My personal belief is that urbanization is the only ecological force that will save the tropics. They can not otherwise, be depopulated. Language based technology is providing the basis for population increases which produce the demand for subsistence lands. The people of the tropical rain forests have to have the opportunity to survive and thrive in other less destructive ways and, to me, urbanization seems the only reasonable alternative. The developed countries should adopt rain forest areas in which to promote urbanized industry which will reduce the pressure on the land. Urbanization will alleviate some if not all the slash and burn agriculture, but it will have no effect on cattle grazing. The cattle grazing people are tied into the world market for beef. What is required here is some international trade convention that takes into account this activity and provides alternative incentives. It is in this area that trading foreign debt for conservation would be best used. The idea would be that debt developed nations would be forgiven for proper conservation of the tropical forests. And again the best use of the debt would be to reduce cattle grazing since the cattle barons may not be susceptible to any other persuasion. In general various international banks, particularly the ones that supply capital to developing countries have to be better managed.

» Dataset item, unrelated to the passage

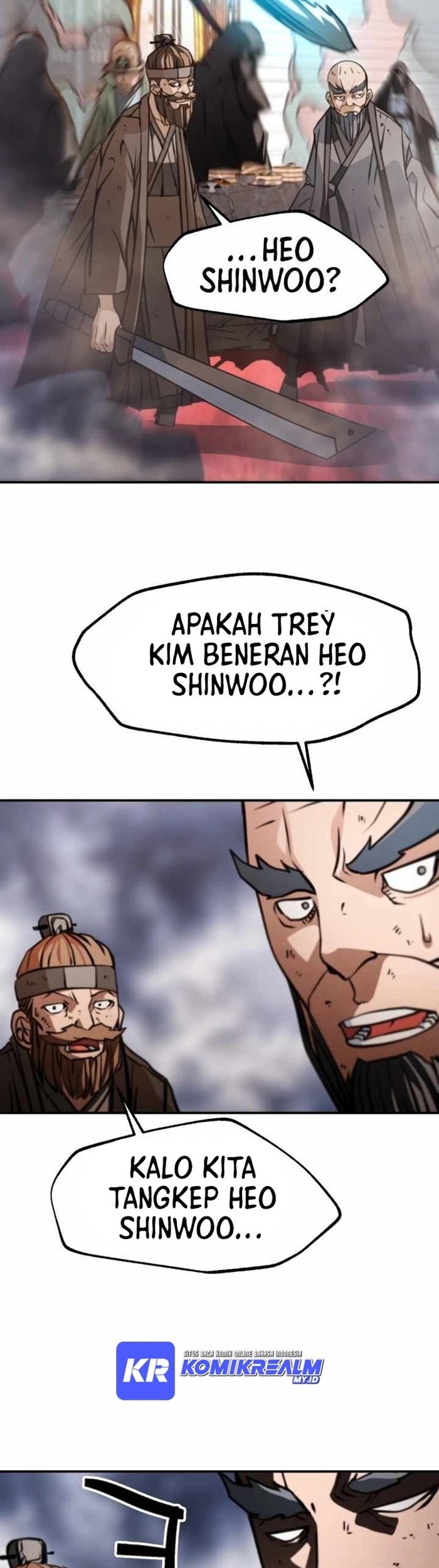 Chapter 41 - halaman 54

Technological Development Promotes Famine

It's hard to believe but the international banking community promoted famine in Africa by promoting cash crops in areas where women did the farming. The women were taken away from their food producing chores to work on the cash crops. The return on labor for the work in cash crops was paid in cash and in a male dominated society that meant giving the money to the men, who suddenly found themselves with new wealth which they promptly spent on prostitutes, gambling, and drink. Since the women did not produce the usual food crops necessary for local consumption while they were working in the cash crop, and the men spent the cash that could have bought food or other things, the local food supply plummeted producing local famine. The effect of capital improvement for the cash crop system was to enrich the corporate farmers and the prostitutes. So much for international banking. They simply have to do better than that.

In our own country and in the rest of the developed world, the whole notion of development has to be re-assessed in terms of its impact on nature. The temperate world is not as floristically and faunistically rich as the tropics. That does not excuse us to disregard development practices that would impoverish our own flora and fauna. The United States has been particularly at fault in the wholesale destruction of natural habitat, because we had so much wilderness to "tame." When we weren't busy taming the wilderness we were busy regarding it as waste land. The Everglades of Florida were and are regarded as waste land by many Floridians. Now that Everglades is a National Park and adds to the tourist dollars of the State of Florida is it held in higher regard, but it still have a great deal of difficulty competing with the surrounding agricultural land. Its real value as a bird sanctuary has been compromised and much destruction occurs because of excessive fertilizer leaching from sugar cane lands to the north of the park. This latter is a result of our foreign policy. If Cuba were permitted to export sugar to the United States, the Florida sugar cane would disappear.

The Public Domain Welfare System

The public lands of the West form the basis of a public domain welfare system. The public lands of the West are not managed for they common benefit of the people of the United States but are managed for the local population, who in one form or an other, with or without leases, forge squatter's rights to the resources. Grazing leases are supposed to be agreements between the United States and cattle owners. Theoretically they can be withdrawn and reissued. But in actual practice, and without the sanction of law, the grazing leases are treated as private property, as if they were permanent easements for the purpose of grazing for the private gain of individuals not the common benefit of the citizens sovereign. A candidate for the position of Secretary of the Interior refused to be considered for the position when it was obvious that he would have a conflict of interest since he held grazing leases in Grand Teton National Park. The grazing leases which were obtained in the first place by trespass were later perfected and are now perfectly legal.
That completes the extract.